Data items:
**********

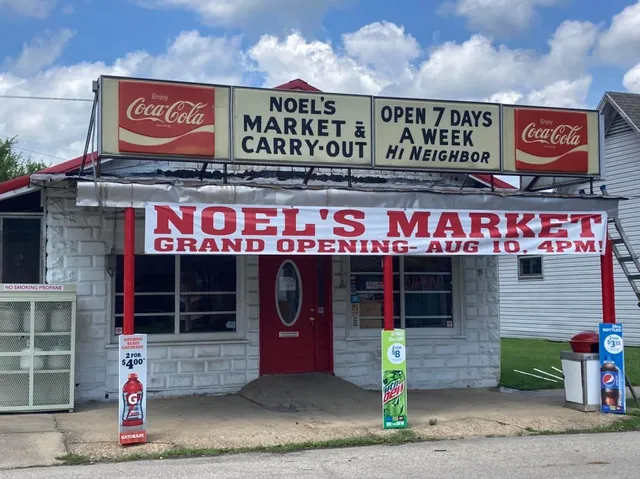 Noel's Market & Carry Out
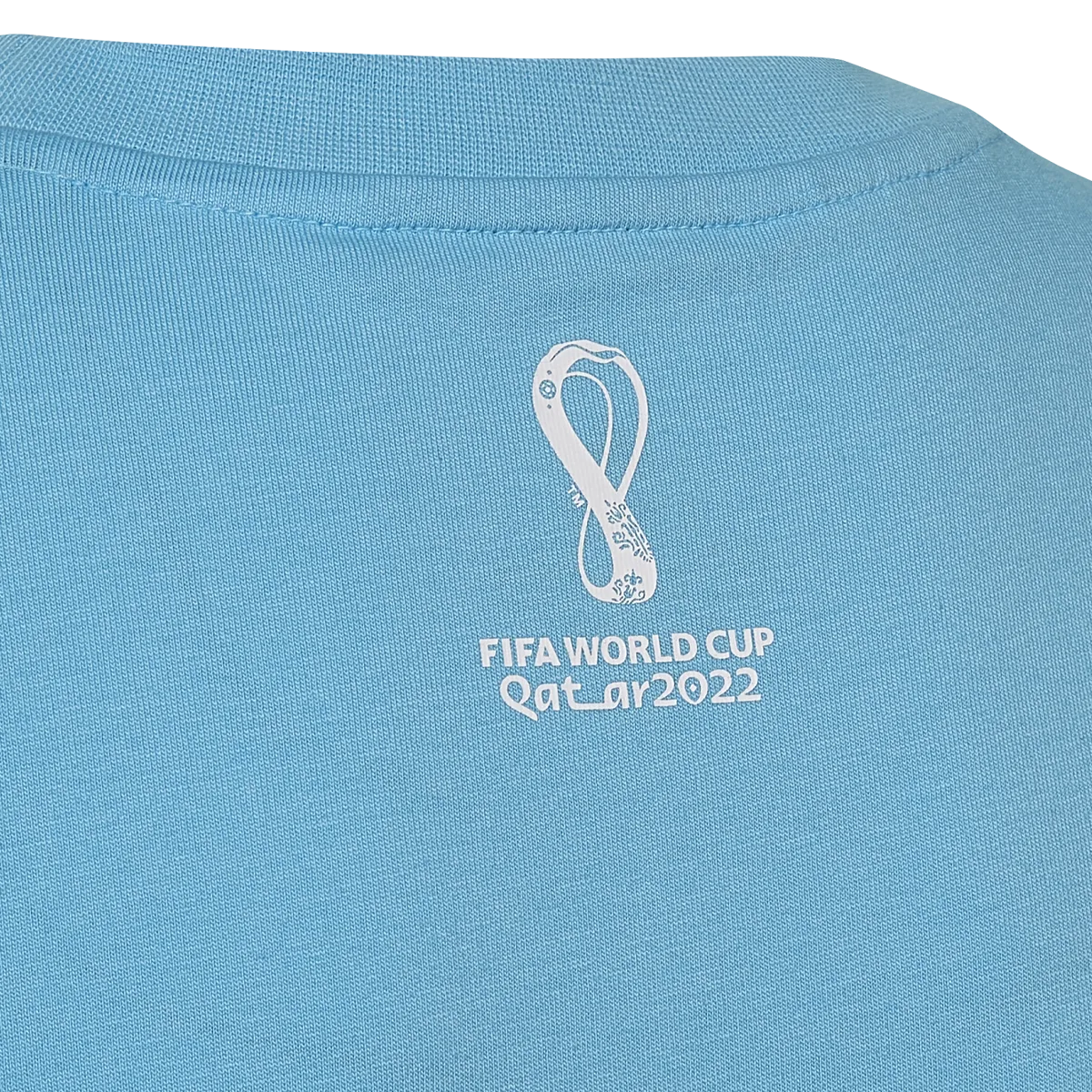 Youth FIFA World Cup 2022 Argentina Tee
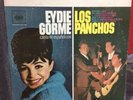 Eydie Gorme AMOR/Canta En Español Con Los Panchos/LP Vinyl VG/1st Ed Mexico 1964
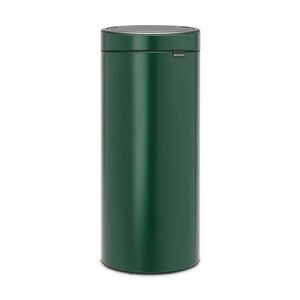 Brabantia cos de gunoi Touch Bin New, 30 L imagine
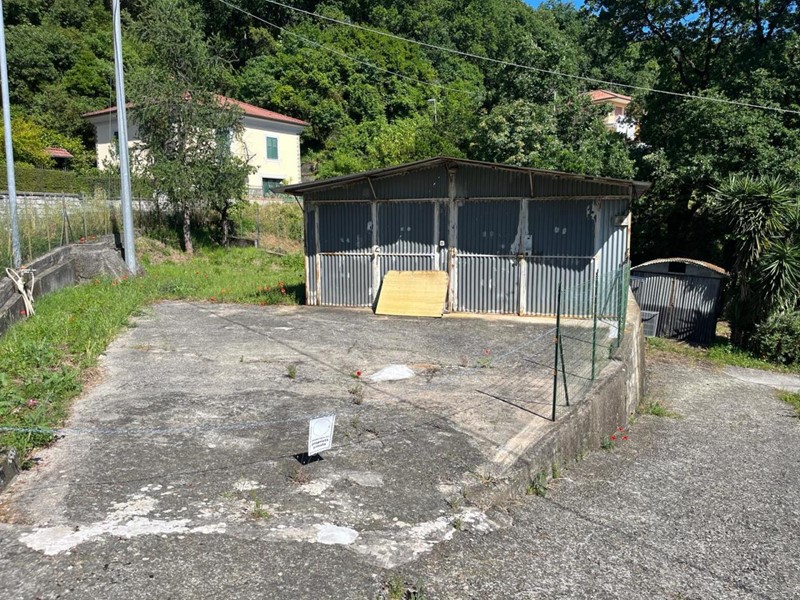 Terreno edificabile in Vendita a Casarza Ligure, zona Bargonasco, 85'000€, 150 m²
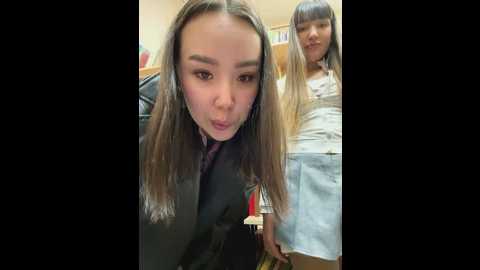 asian_asami @ stripchat on 20260118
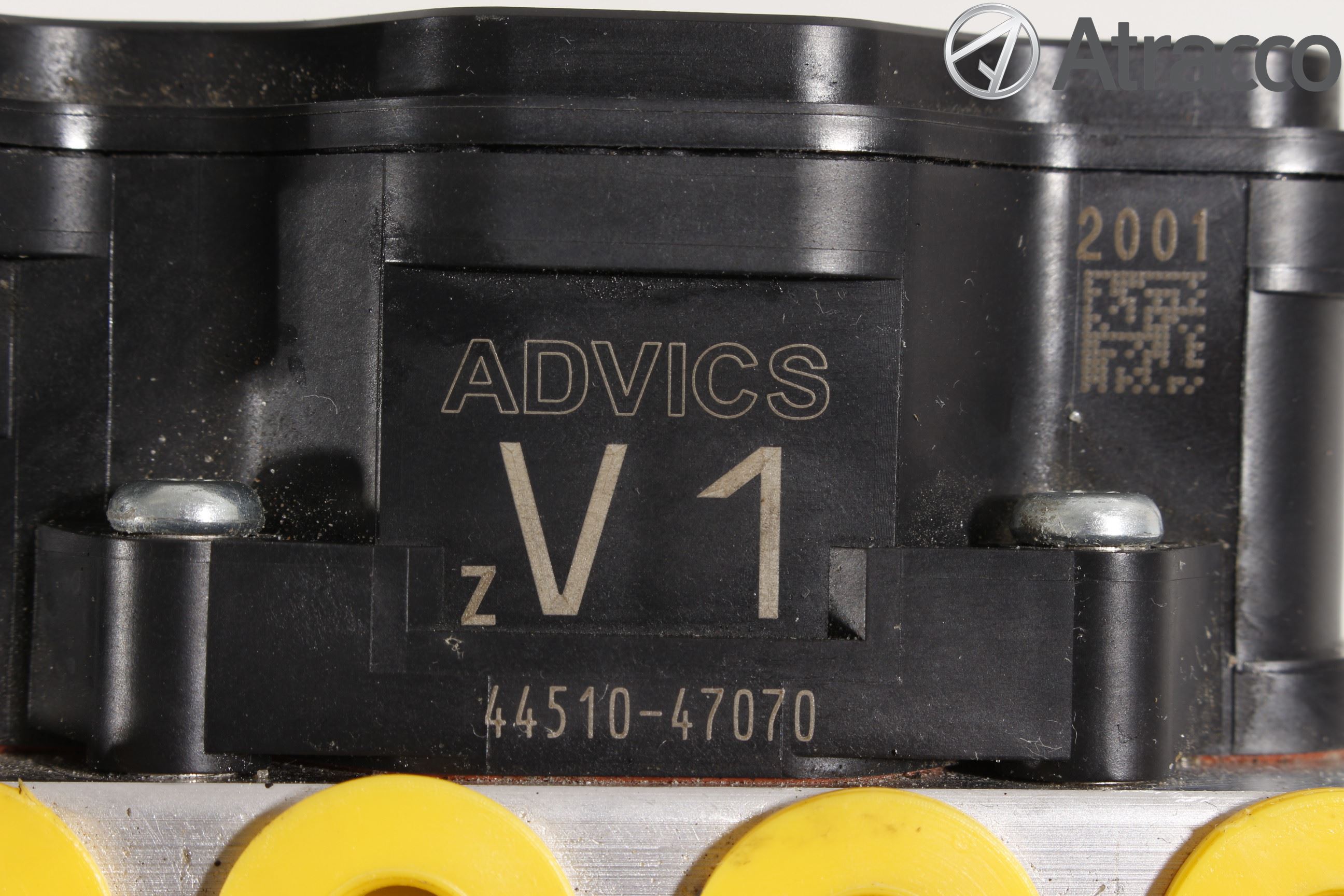 Toyota C-HR 16-23 Abs Hydraulaggregat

**********

**What the exercise asks:** Pictures stay out; reproduce exactly the lines from the one containing "asian_asami @ stripchat on 20260118" through the end of the data.

**Reply to the exercise:**
 asian_asami @ stripchat on 20260118
 Toyota C-HR 16-23 Abs Hydraulaggregat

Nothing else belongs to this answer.